In one embodiment, a quality assurance module may perform various quality assurance operations on the reified assertion store. The quality assurance module may include a series of rules, which may be utilized by the rules engine to test the internal and external consistency of the assertions that comprise an ontology. The tests performed by these rules may include, for example, certain “mundane” tests such as, for example, tests for proper capitalization or connectedness of individual concepts (in some embodiments, concepts may be required to be connected to at least one other concept). Other tests may exist such as, for example, tests to ensure that concept typing is consistent with the relationships for individual concepts (upstream process/elements such as, for example, various rules and/or the upper ontology generally ensure that these will already be correct, but they still may be checked). More complex tests may include those that ensure semantic consistency. For example, if an individual concept shares 75% of its synonyms with another individual concept, they may be candidates for semantic normalization, and therefore may be flagged for manual curation.
A publishing module may then publish reified assertions as a functional ontology. In connection with publication of reified assertions, the reified assertion store may be converted from a node-centered edit schema, to a graph-centered browse schema. In some embodiments, virtual assertions derived from structured data sources may not be considered “reified.” However, if these virtual assertions are the product of high percentage rules/mappings, they may not require substantive reification during curation and may achieve a nominal “reified” status upon preparation for publication. As such, the conversion from browse schema to edit schema may also serve to reify any of the remaining un-reified virtual assertions in the system (at least those included in publication).
Publication and/or conversion (from edit to browse schema) may occur whenever it is desired to “freeze” a version of an ontology as it exists with the information accumulated at that time and use the accumulated information according to the systems and methods described herein (or with other systems or methods). In some embodiments, the publishing module may enable an administrative curator or other person with appropriate access rights to indicate that the information as it exists is to be published and/or converted (from edit to browse schema). The publishing module may then perform the conversion (from edit to browse schema) and may load a new set of tables (according to the browse schema) in a database. In some embodiments, data stored in the browse schema may be stored in a separate database from the data stored in an edit schema. In other embodiments, it may be stored in the same database.

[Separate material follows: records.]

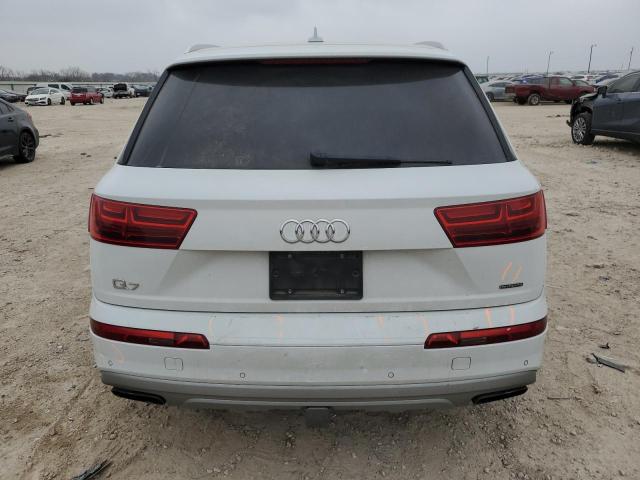 VIN WA1LHAF76JD039177 2018 Audi Q7, Premium Plus no.6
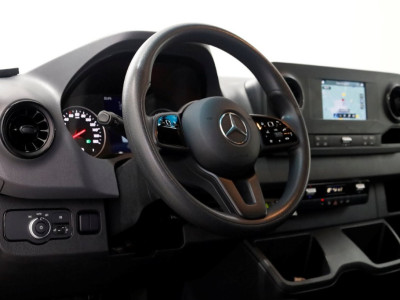 Mercedes-Benz Sprinter 515 CDI 150pk 9G Automaat N1 Koelwagen ThermoKing Bi-Comp -15°C N1 08-2023 foto 18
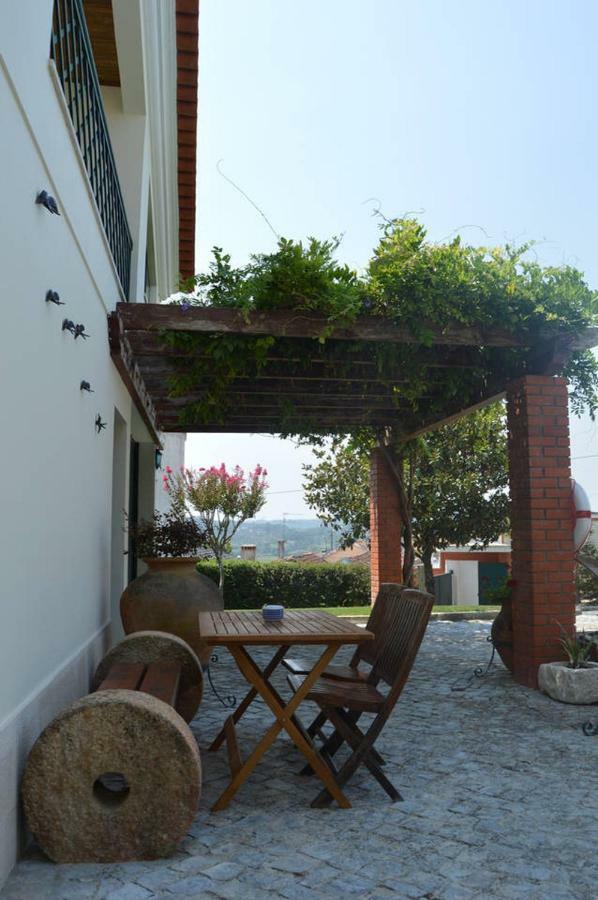 Swallow'S Countryhouse Batalha Εξωτερικό φωτογραφία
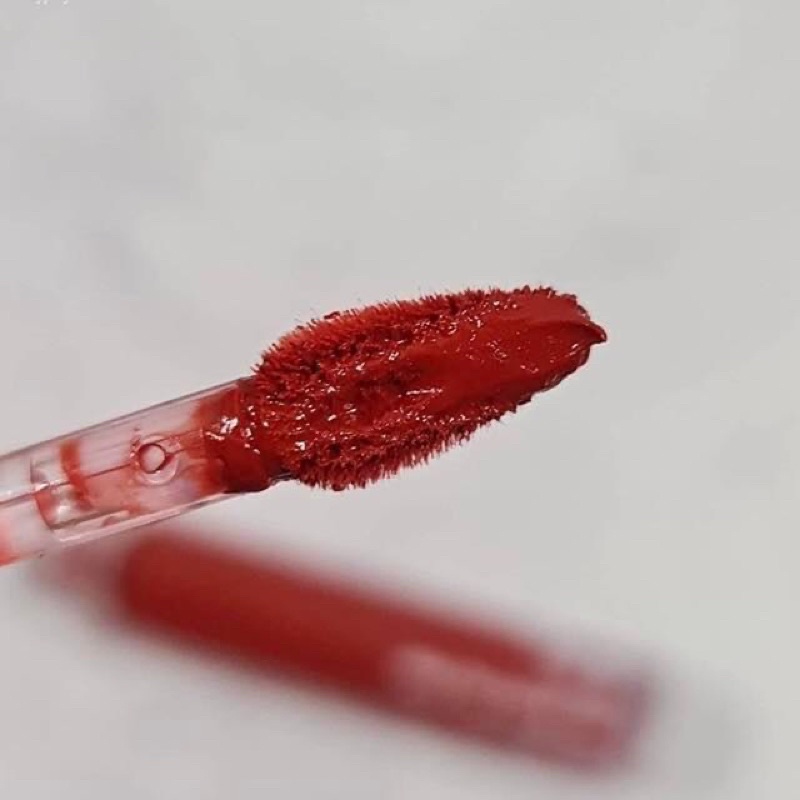 Son kem lì Romand Milk Tea velvet tint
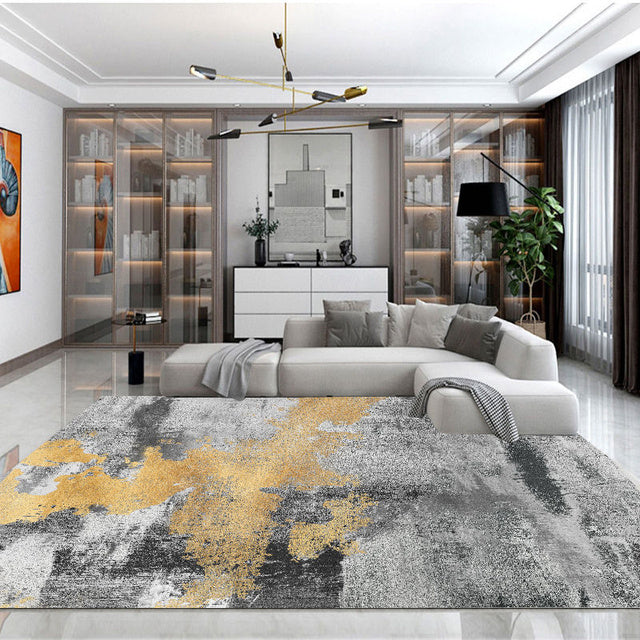 Trandy Rug Large Area Carpets For Living Room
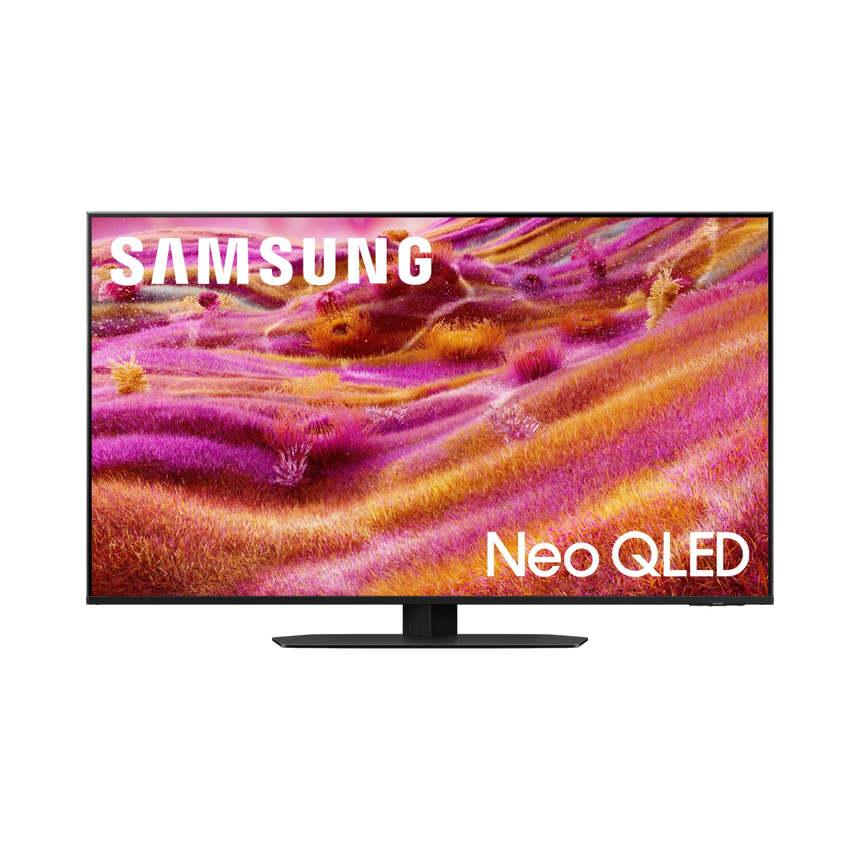 Samsung QN90F 50" 16:9 120Hz 4K HDR Neo QLED Mini-LED Smart TV — Being Shipped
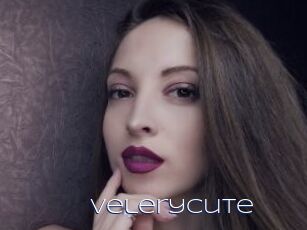 Velerycute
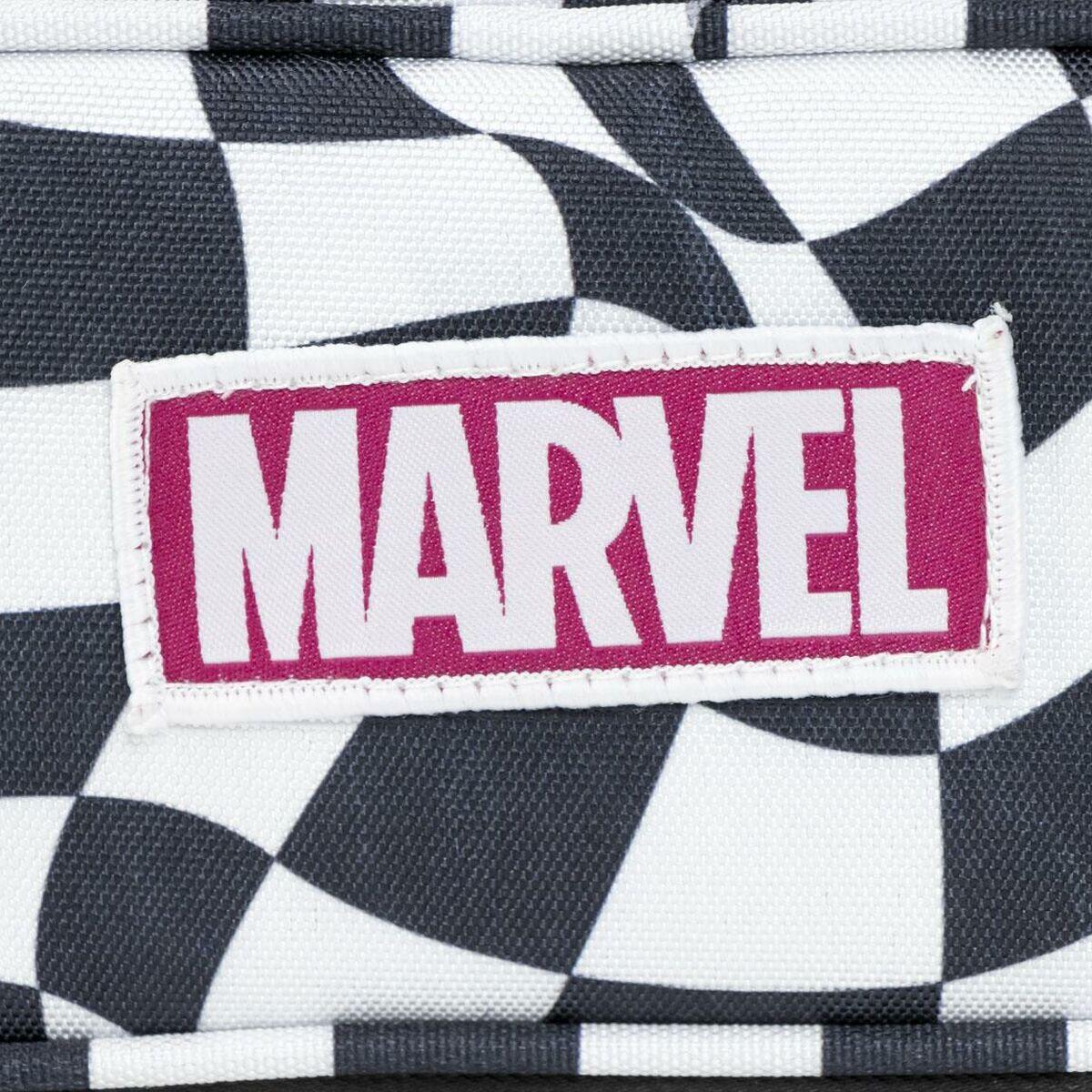 Torba szkolna Marvel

During extraction and curation, assertions may be stored in an edit schema using a node-centered approach. Node-centered data focuses on the structural and conceptual framework of the defined logical connection between concepts and relationships. In connection with publication, however, assertions may be stored in a browse schema using a graph-centered approach.
Graph-centered views of ontology data may include the representation of assertions as concept-relationship-concept (CRC) “triplets.” In these triplets, two nodes are connected by an edge, wherein the nodes correspond to concepts and the edge corresponds to a relationship.
In one embodiment, CRC triplets may be used to produce a directed graph representing the knowledge network contained in one or more ontologies. A directed graph may include two or more interconnected CRC triplets that potentially form cyclic paths of direct and indirect relationships between concepts in an ontology or part thereof.
The elements and processes described above may be utilized in whole or in part to generate and publish one or more multi-relational, domain-specific ontologies. In some embodiments, not all elements or processes may be necessary. The one or more ontologies may be then used, collectively or individually, in whole or in part, as described below.
Once one or more ontologies are published, they can be used in a variety of ways. For example, one or more users may view one or more ontologies and perform other knowledge discovery processes via a graphical user interface (GUI) as enabled by a user interface module. A path-finding module may enable the paths of assertions existing between concepts of an ontology to be selectively navigated. A chemical support module may enable the storage, manipulation, and use of chemical structure information within an ontology. Also, the system may enable a service provider to provide various ontology services to one or more entities, including exportation of one or more ontologies (or portions thereof), the creation of custom ontologies, knowledge capture services, ontology alert services, merging of independent taxonomies or existing ontologies, optimization of queries, integration of data, and/or other services.
According to another aspect of the invention, a user interface module may enable a novel graphical user interface. The graphical user interface may enable a user to interact with one or more ontologies. In one embodiment, a graphical user interface may include a search pane. Within the search pane, a user may input a concept of interest, term of interest, or relevant string of characters. The system may search one or more ontologies for the concept of interest, term of interest, or the relevant string (including identifying and searching synonyms of concepts in the ontologies). The graphical user interface may then display the results of the search, including the name of the concepts returned by the search, their concept type, their synonyms, or other information. The user may then select a concept from the displayed results and utilize the functionality described below.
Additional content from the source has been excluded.